* **WHAT YOU HAVE TO DO**:
With the material below, print exactly the lines between the line holding "めかにか's cooksnap of" and the line holding "柔漾粉 可折疊 BHD356/31", inclusive. Add nothing else.

* **AVAILABLE RECORDS**:

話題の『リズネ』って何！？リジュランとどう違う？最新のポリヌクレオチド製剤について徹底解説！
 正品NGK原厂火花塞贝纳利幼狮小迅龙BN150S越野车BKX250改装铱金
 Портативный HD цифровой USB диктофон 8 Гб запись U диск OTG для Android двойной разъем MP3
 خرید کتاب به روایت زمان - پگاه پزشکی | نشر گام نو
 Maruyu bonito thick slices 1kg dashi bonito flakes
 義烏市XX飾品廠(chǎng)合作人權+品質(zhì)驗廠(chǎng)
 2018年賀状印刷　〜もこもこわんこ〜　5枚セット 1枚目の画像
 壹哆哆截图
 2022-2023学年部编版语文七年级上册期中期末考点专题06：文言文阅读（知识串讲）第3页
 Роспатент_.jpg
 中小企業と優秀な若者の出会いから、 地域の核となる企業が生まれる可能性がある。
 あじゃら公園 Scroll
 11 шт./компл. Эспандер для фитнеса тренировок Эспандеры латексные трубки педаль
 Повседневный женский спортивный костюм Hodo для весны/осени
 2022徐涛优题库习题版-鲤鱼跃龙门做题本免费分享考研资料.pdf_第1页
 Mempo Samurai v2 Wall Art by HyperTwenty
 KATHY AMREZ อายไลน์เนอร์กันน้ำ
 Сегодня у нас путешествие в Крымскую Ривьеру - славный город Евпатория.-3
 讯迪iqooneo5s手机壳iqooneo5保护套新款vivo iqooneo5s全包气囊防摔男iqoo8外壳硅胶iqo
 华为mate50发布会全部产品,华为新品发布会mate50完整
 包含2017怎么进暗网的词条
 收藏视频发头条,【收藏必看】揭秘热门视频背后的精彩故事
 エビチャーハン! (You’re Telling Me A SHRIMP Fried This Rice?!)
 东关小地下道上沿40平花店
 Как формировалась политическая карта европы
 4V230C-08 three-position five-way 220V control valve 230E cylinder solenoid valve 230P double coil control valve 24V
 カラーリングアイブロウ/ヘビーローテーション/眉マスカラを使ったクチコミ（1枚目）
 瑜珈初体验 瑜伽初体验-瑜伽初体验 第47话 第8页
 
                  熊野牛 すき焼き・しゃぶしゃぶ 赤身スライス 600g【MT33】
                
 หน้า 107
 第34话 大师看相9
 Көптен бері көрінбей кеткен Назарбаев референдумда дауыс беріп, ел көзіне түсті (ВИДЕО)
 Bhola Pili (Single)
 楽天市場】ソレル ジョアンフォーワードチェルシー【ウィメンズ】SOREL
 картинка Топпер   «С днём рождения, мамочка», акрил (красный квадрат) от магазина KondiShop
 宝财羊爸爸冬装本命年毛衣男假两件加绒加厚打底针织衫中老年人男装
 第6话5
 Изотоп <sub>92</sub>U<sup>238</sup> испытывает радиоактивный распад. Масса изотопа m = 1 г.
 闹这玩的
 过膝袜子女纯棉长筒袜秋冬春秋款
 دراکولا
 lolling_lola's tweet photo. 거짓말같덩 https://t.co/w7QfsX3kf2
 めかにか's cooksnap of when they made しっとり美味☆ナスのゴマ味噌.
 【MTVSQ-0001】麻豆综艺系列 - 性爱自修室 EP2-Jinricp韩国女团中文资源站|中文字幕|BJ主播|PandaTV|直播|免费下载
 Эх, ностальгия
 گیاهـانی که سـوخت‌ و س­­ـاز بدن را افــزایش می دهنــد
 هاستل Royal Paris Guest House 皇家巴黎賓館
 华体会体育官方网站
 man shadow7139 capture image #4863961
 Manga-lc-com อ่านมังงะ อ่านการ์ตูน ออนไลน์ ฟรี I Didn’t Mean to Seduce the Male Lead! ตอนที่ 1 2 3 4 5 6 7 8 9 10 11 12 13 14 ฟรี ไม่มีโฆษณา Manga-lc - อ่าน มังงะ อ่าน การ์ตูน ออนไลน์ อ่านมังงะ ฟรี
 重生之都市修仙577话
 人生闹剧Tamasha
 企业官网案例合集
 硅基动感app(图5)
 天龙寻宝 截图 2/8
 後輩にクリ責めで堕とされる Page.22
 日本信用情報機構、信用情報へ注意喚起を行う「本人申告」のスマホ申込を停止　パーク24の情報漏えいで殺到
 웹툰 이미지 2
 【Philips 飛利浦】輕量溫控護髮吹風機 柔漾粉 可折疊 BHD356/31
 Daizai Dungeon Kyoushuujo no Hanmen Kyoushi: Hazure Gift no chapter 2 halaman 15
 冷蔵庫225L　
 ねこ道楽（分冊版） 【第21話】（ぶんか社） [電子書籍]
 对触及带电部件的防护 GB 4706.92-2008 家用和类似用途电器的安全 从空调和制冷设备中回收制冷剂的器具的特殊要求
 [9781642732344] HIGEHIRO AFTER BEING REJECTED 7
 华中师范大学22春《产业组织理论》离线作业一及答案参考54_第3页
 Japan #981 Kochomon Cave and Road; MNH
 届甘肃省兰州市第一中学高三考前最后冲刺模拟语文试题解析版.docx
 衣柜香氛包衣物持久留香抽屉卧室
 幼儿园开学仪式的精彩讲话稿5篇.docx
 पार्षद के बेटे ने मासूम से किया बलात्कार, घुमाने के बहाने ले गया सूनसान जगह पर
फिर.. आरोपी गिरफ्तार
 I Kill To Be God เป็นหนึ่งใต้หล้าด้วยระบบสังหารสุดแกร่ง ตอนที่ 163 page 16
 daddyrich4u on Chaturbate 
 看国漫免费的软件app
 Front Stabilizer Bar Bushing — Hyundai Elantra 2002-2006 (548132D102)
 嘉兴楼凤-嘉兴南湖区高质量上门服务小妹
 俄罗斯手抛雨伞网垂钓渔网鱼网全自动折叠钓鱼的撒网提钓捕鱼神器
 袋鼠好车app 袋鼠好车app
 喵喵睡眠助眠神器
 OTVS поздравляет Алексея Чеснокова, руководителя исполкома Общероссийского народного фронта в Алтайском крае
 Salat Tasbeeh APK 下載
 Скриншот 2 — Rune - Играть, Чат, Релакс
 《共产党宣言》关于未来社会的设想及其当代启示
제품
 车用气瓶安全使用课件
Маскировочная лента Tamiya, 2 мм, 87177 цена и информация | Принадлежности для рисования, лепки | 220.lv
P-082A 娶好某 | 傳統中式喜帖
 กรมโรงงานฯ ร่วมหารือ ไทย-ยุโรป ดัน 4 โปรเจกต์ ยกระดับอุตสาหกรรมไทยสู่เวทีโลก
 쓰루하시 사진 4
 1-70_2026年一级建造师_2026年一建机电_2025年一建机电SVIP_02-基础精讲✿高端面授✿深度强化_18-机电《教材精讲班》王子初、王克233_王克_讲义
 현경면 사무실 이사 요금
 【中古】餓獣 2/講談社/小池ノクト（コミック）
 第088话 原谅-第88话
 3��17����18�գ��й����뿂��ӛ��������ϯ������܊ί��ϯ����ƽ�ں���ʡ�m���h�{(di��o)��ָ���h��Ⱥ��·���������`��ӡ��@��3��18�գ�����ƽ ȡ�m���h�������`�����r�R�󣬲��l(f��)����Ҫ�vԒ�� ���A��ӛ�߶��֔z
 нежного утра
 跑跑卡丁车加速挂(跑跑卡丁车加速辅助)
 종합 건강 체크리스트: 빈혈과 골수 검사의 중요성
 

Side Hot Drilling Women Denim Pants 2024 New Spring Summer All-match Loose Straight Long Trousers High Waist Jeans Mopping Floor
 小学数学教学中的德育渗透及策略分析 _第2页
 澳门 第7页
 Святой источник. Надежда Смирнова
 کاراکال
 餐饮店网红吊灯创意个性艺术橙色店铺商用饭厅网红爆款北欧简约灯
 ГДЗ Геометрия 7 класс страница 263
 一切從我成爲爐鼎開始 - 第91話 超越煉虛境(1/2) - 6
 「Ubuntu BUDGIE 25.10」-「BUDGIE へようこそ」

* **TASK OUTPUT**:
 めかにか's cooksnap of when they made しっとり美味☆ナスのゴマ味噌.
 【MTVSQ-0001】麻豆综艺系列 - 性爱自修室 EP2-Jinricp韩国女团中文资源站|中文字幕|BJ主播|PandaTV|直播|免费下载
 Эх, ностальгия
 گیاهـانی که سـوخت‌ و س­­ـاز بدن را افــزایش می دهنــد
 هاستل Royal Paris Guest House 皇家巴黎賓館
 华体会体育官方网站
 man shadow7139 capture image #4863961
 Manga-lc-com อ่านมังงะ อ่านการ์ตูน ออนไลน์ ฟรี I Didn’t Mean to Seduce the Male Lead! ตอนที่ 1 2 3 4 5 6 7 8 9 10 11 12 13 14 ฟรี ไม่มีโฆษณา Manga-lc - อ่าน มังงะ อ่าน การ์ตูน ออนไลน์ อ่านมังงะ ฟรี
 重生之都市修仙577话
 人生闹剧Tamasha
 企业官网案例合集
 硅基动感app(图5)
 天龙寻宝 截图 2/8
 後輩にクリ責めで堕とされる Page.22
 日本信用情報機構、信用情報へ注意喚起を行う「本人申告」のスマホ申込を停止　パーク24の情報漏えいで殺到
 웹툰 이미지 2
 【Philips 飛利浦】輕量溫控護髮吹風機 柔漾粉 可折疊 BHD356/31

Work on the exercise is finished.